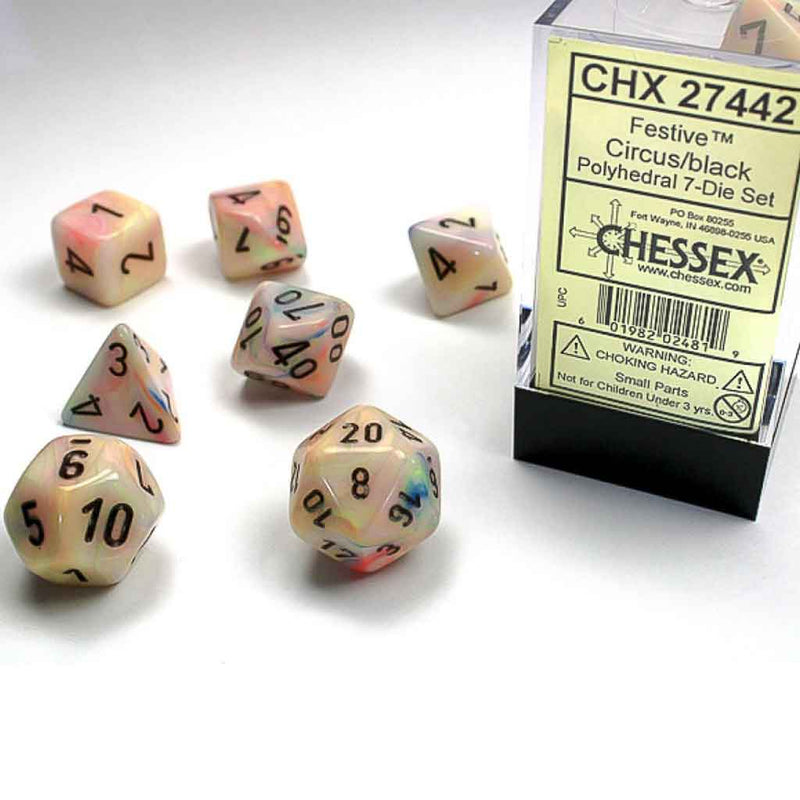 Chessex Festive Circus/Black 7 Piece Polyhedral Dice Set (CHX 27442) - Bea DnD Games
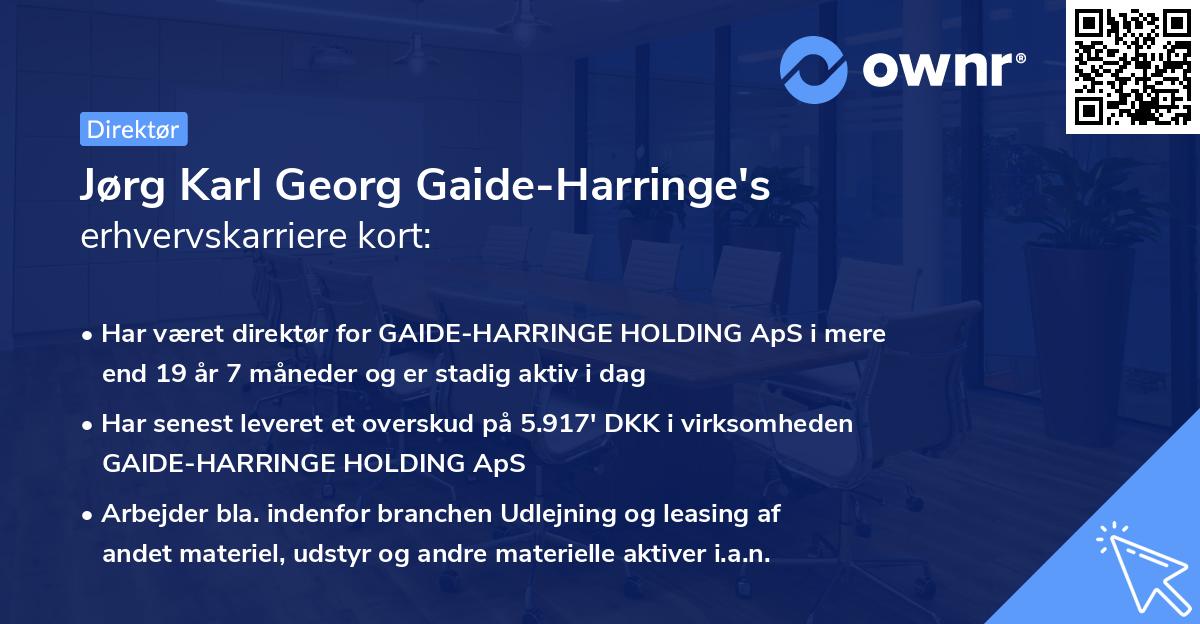 Jørg Karl Georg Gaide-Harringe's erhvervskarriere kort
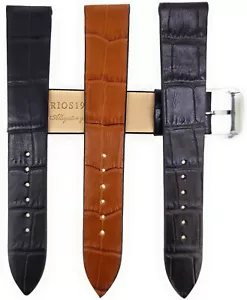 Miami Uhrenarmband Kroko Stil schwarz braun 16,18.20mm sehr flach matt / 19 - Bild 1 von 6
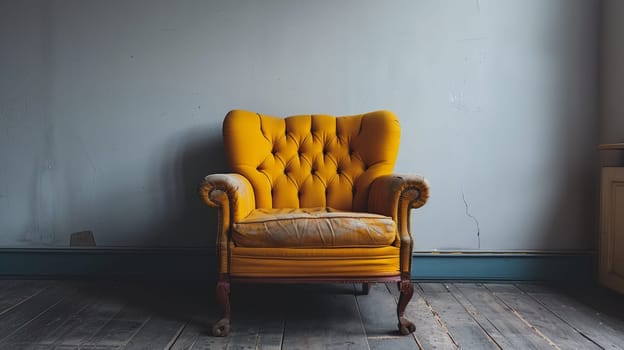 A yellow chair sitting in a room with wood floors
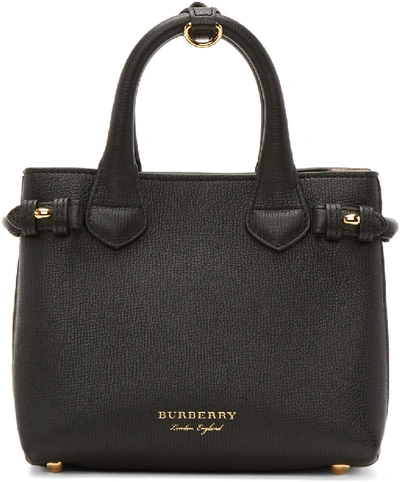 Burberry Baby Banner Leather & House Check Bag In Black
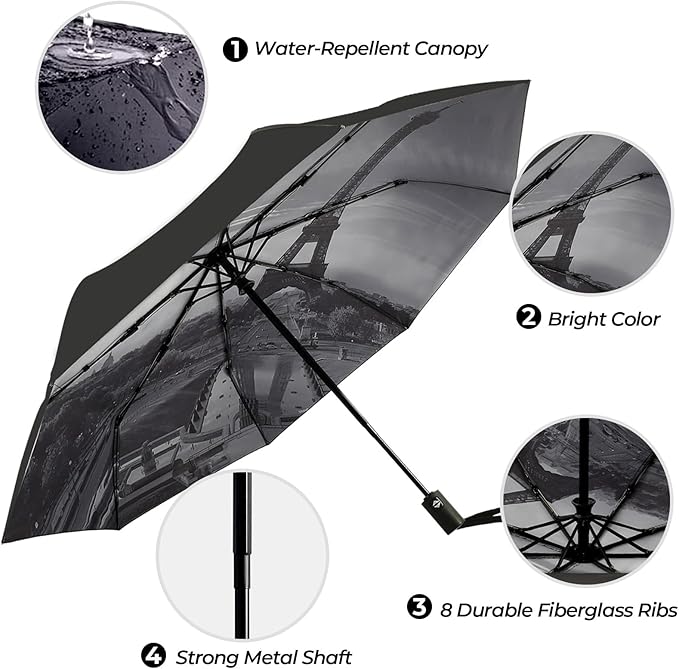 LLanxiry Compact Travel Umbrella, 44" Canopy, Automatic Open/Close Windproof Umbrella, 210T Pongee, 8-Rib Fiberglass, Travel Size Mini, Portable Rain/Sun Umbrellas UPF 50+ with Cover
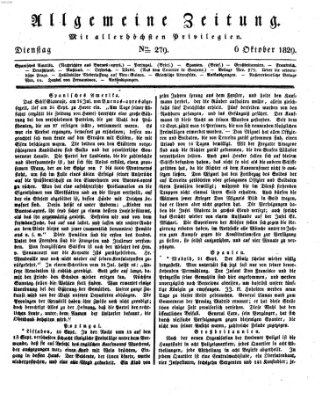 Allgemeine Zeitung Dienstag 6. Oktober 1829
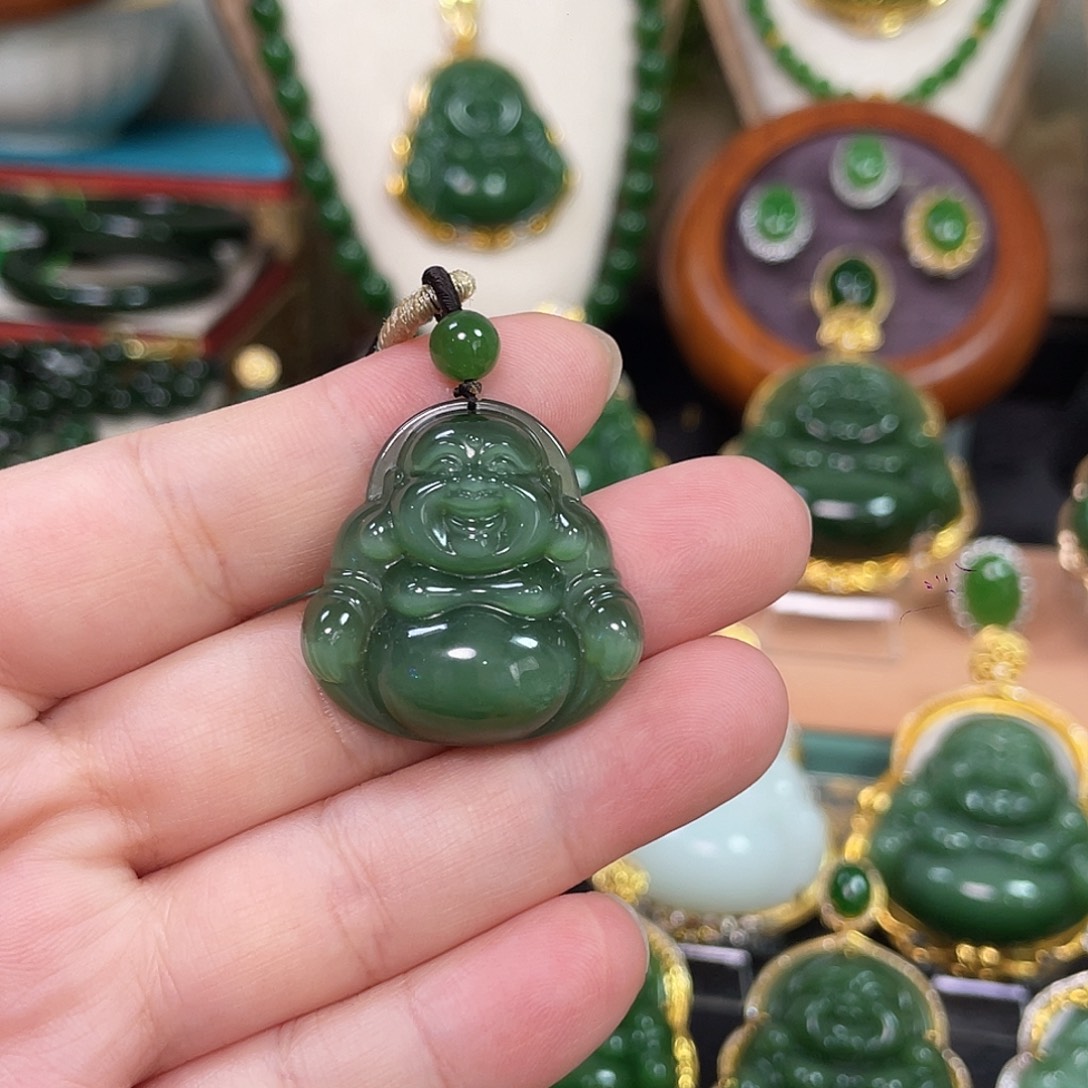 和田玉（碧玉）未镶嵌颈饰猫眼佛公30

######

◆ EXERCISE REQUIREMENTS ◆
Reproduce every record above exactly as given, excluding pictures from the result.

◆ OUTPUT FOR THIS TASK ◆
 Chessex Festive Circus/Black 7 Piece Polyhedral Dice Set (CHX 27442) - Bea DnD Games
 Jørg Karl Georg Gaide-Harringe's erhvervskarriere kort
 Miami Uhrenarmband Kroko Stil schwarz braun 16,18.20mm sehr flach matt / 19 - Bild 1 von 6
 A yellow chair sitting in a room with wood floors
 Burberry Baby Banner Leather & House Check Bag In Black
 LLanxiry Compact Travel Umbrella, 44" Canopy, Automatic Open/Close Windproof Umbrella, 210T Pongee, 8-Rib Fiberglass, Travel Size Mini, Portable Rain/Sun Umbrellas UPF 50+ with Cover
 Allgemeine Zeitung Dienstag 6. Oktober 1829
 和田玉（碧玉）未镶嵌颈饰猫眼佛公30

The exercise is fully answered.